Content starts
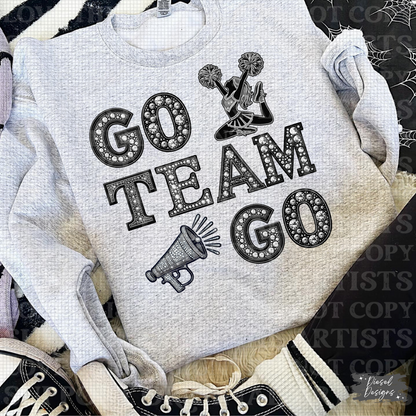 GO TEAM GO RHINESTONE PNG  | 300 DPI | Transparent PNG | Digital File Only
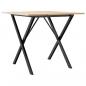 Preview: Esstisch X-Gestell 90x90x75cm Massivholz Kiefer und Gusseisen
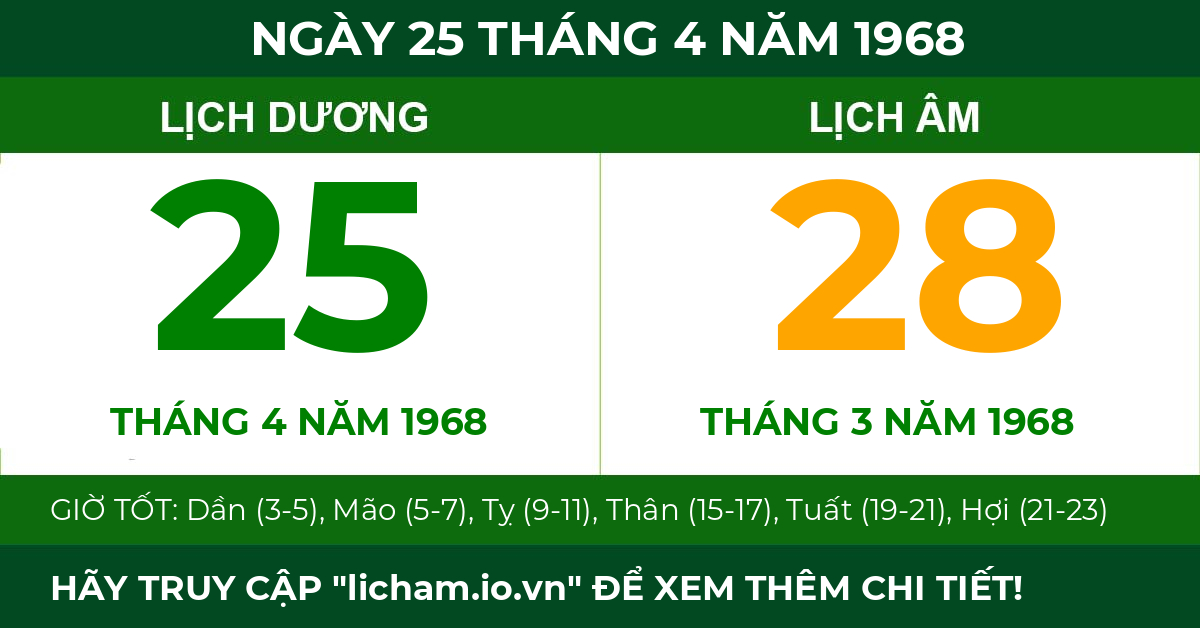 lịch âm ngày 25 tháng 4 năm 1968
Content ends
** Your instructions **
Pictures excluded, output exactly the line that contains "Preview: Esstisch X-Gestell" and every line after it to the end of the data above.

** Answer to the exercise **
 Preview: Esstisch X-Gestell 90x90x75cm Massivholz Kiefer und Gusseisen
 lịch âm ngày 25 tháng 4 năm 1968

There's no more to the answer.